Comments: All Is For the Best

Jon,

Do you know if these graphs are using the same definition of unemployment at all times? The current unemployment rate understates unemployment, as it excludes discouraged workers who stopped looking, marginally attached workers, and those working part time involuntarily.

These definitions were changed in 1994. The rate listed in your chart is the U3, I believe. This did not exist prior to 1994, as a separate category.

Do the past rates listed give unemployment based on what it would have been by the U3 criteria? In other words, is it consistent, or do the past unemployment levels include discouraged workers? If past rates did include those categories, then current unemployment is even worse by historical standards. I have no idea if this is the case or not.

(I notice the graph doesn't run past 1994)

Posted by Graeme at March 18, 2010 01:38 PM

Oops, sorry.
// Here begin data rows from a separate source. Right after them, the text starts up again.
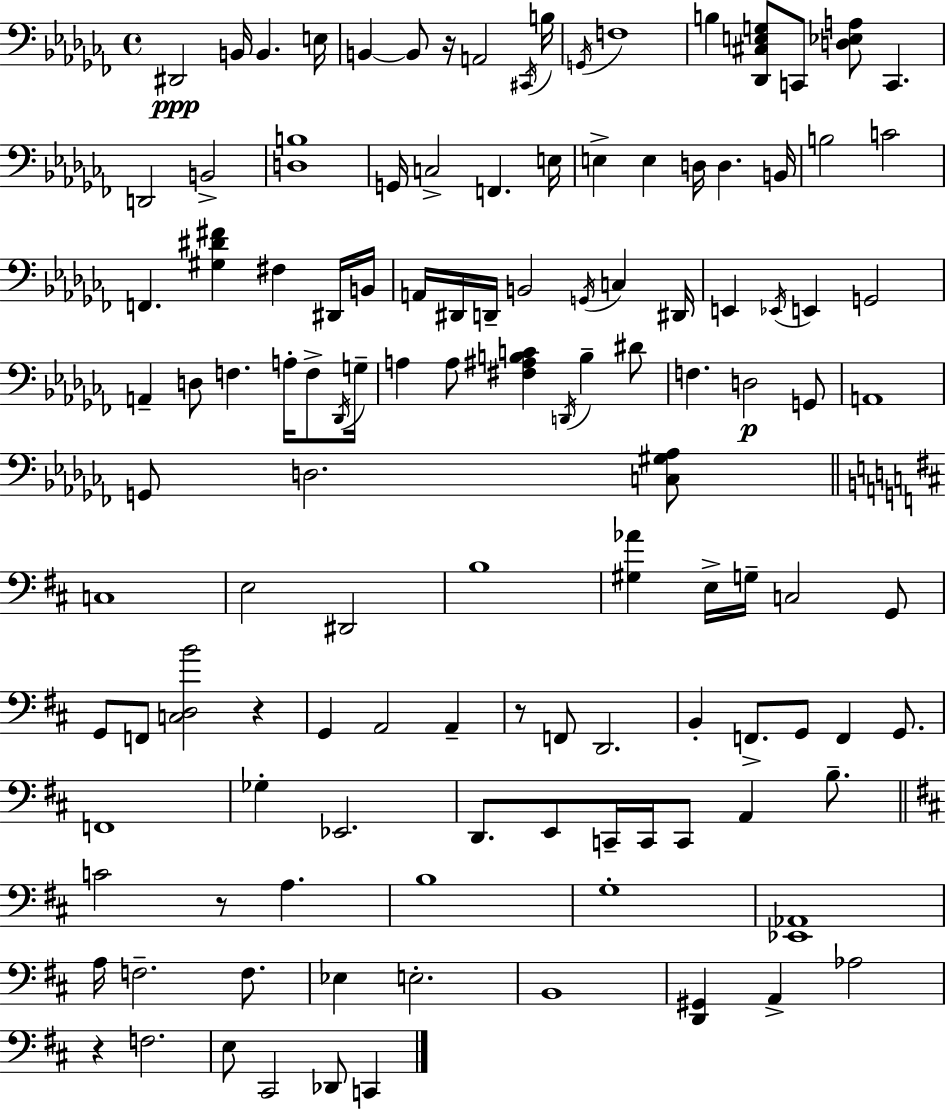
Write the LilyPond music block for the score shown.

{
  \clef bass
  \time 4/4
  \defaultTimeSignature
  \key aes \minor
  dis,2\ppp b,16 b,4. e16 | b,4~~ b,8 r16 a,2 \acciaccatura { cis,16 } | b16 \acciaccatura { g,16 } f1 | b4 <des, cis e g>8 c,8 <d ees a>8 c,4. | \break d,2 b,2-> | <d b>1 | g,16 c2-> f,4. | e16 e4-> e4 d16 d4. | \break b,16 b2 c'2 | f,4. <gis dis' fis'>4 fis4 | dis,16 b,16 a,16 dis,16 d,16-- b,2 \acciaccatura { g,16 } c4 | dis,16 e,4 \acciaccatura { ees,16 } e,4 g,2 | \break a,4-- d8 f4. | a16-. f8-> \acciaccatura { des,16 } g16-- a4 a8 <fis ais b c'>4 \acciaccatura { d,16 } | b4-- dis'8 f4. d2\p | g,8 a,1 | \break g,8 d2. | <c gis aes>8 \bar "||" \break \key b \minor c1 | e2 dis,2 | b1 | <gis aes'>4 e16-> g16-- c2 g,8 | \break g,8 f,8 <c d b'>2 r4 | g,4 a,2 a,4-- | r8 f,8 d,2. | b,4-. f,8.-> g,8 f,4 g,8. | \break f,1 | ges4-. ees,2. | d,8. e,8 c,16-- c,16 c,8 a,4 b8.-- | \bar "||" \break \key d \major c'2 r8 a4. | b1 | g1-. | <ees, aes,>1 | \break a16 f2.-- f8. | ees4 e2.-. | b,1 | <d, gis,>4 a,4-> aes2 | \break r4 f2. | e8 cis,2 des,8 c,4 | \bar "|."
}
That should have been addressed to Seth.

Posted by Graeme at March 18, 2010 06:03 PM

Yes, the two lower graphs are using a consistent definition of unemployment at all times - the U3 definition - from 1890 to 1990. The reason the data stop at 1990 is that Weir only constructed them in 1992. We've always had solid data for the post-1948 period from the BLS. What Weir was trying to do was extend those data back to 1890 on a consistent, comparable basis.

The BLS redesigned its survey of households, the source of unemployment data, in 1994. They never changed the definition of unemployment, but they did change their sampling methodology and question wording. As they always do when undertaking a redesign, the BLS conducted research to measure the effect of the changes on the resulting data. You can read all the gruesome details here: http://www.bls.gov/ore/pdf/ec950090.pdf . The upshot: "The new methodology
did not have a significant effect on the overall unemployment rate."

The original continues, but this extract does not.